Perth, in January 2012, was made for Australia to annihilate India's ageing stars. They did. But a young man at No. 6, pushed to the wall, battled through.
He made 44 and with the game gone, came out to bat again on the second day. That statement hides a story in itself. Batted again on the second day!
That is how dire India were. At the other end, Rahul Dravid was two innings away from the end of a stellar career. He remembers liking what he saw. Young Kohli scrapped and made 75.
It was like seeing young shoots emerge after a fire has ravaged the forest.
And so he came to Adelaide, for the first time sure of his place. He still only averaged 27. India were 87-4 in reply to 604, the series alive only because one needed a formal end.
He dragged India to 272 and made his first century. His team, and the opposition, also liked what they saw. He was now a Test player. He returned to Adelaide this December.
Now, he was a major international star, was being compared as an all-situations, all-format player to A.B. de Villiers and he was, even if only for a Test, the captain of India. The transformation had taken a mere three years.
And yet he was on tenterhooks. England, a series he missed in 2011, was a meltdown beyond compare. If he had an enemy, he wouldn't have wished that upon him.
He had made six Test hundreds, almost got one in each innings in a man of the match performance in Johannesburg, got another in Wellington; but in England, his bat was a collection of edges. 134 in 10 innings! Was he really an all-situations, all-format player?
The great players in sport stand apart because of how they approach adversity. With normal players, even good players, self-belief slips away when the runs dry up and doubts encircle you.

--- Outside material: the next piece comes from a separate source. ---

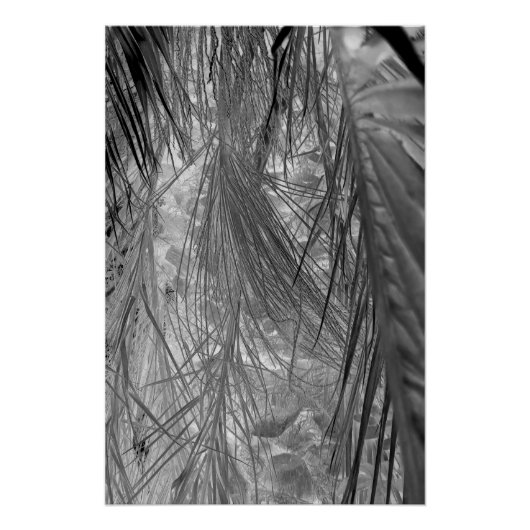 Poster Whispers Des Tropiques (Devant)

They are visible to the opposition. The great players never lose that belief and when Kohli walked out at Adelaide, not yet a great Test player, he seemed to carry that belief with him.
In good batting conditions he carved out a century but watched, as we all have for years, the game eluding him. Nobody had made 364 to win in Adelaide and it was already 57-2.

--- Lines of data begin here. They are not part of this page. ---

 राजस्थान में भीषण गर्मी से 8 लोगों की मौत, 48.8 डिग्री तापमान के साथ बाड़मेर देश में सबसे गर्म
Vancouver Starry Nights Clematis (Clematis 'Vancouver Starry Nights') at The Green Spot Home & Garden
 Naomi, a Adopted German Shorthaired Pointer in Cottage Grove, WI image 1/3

The ball was spinning, darting, jumping and saving a game was akin to trying to survive by walking into a hail of bullets.
Over the next 41/2 hours, armed with that self-belief and the confidence that new India's youths seem to carry in their backpacks, he waded into the match.
In a while the ball had stopped fizzing, it kept landing in the rough but seemed to come up on the bat's command rather than that of the fingers that had propelled it.
If there is indeed a "zone" in sport, Kohli was in it. The army has a tradition of officers leading from the front. Kohli would have made a good officer at Adelaide.
We wondered, in the commentary box, whether the track had suddenly gone benign or whether Kohli, and in all fairness Murali Vijay, were merely creating an illusion of safety. Only the very best can do that.
It was indeed an illusion but, as wickets started to fall around him, Kohli took his game up another notch. Where everyone was eyeing safety, he was looking at winning.
The innings ended short, and hindsight took over the analysis of it, but while he was at it, he was taking our breath away. It was sport at its most brilliant. It was a hundred for the ages.
And yet, amid the battle raging around him, I thought I detected a calm mind. I know he was in the middle of some verbal jousting, and was able to laugh at himself, but the Virat Kohli I saw in Adelaide projected assurance and calmness.
He spoke to us on television after the game and that was the first thing I noticed again. Assurance and calmness. It is a very good sign.
It might have come from growing as a person or it might have come from being more settled in life. It is not to be mocked at or lightly uttered. Someone in the family can provide that, or maybe a friend.
Ricky Ponting wrote this week of how marriage made him a better person and, as a consequence, a better cricketer. He thinks it happened to Michael Clarke and David Warner as well. Maybe it has happened to Kohli.
I don't know what it is but if it can get Virat Kohli to continue batting like he did in Adelaide, may it stay that way.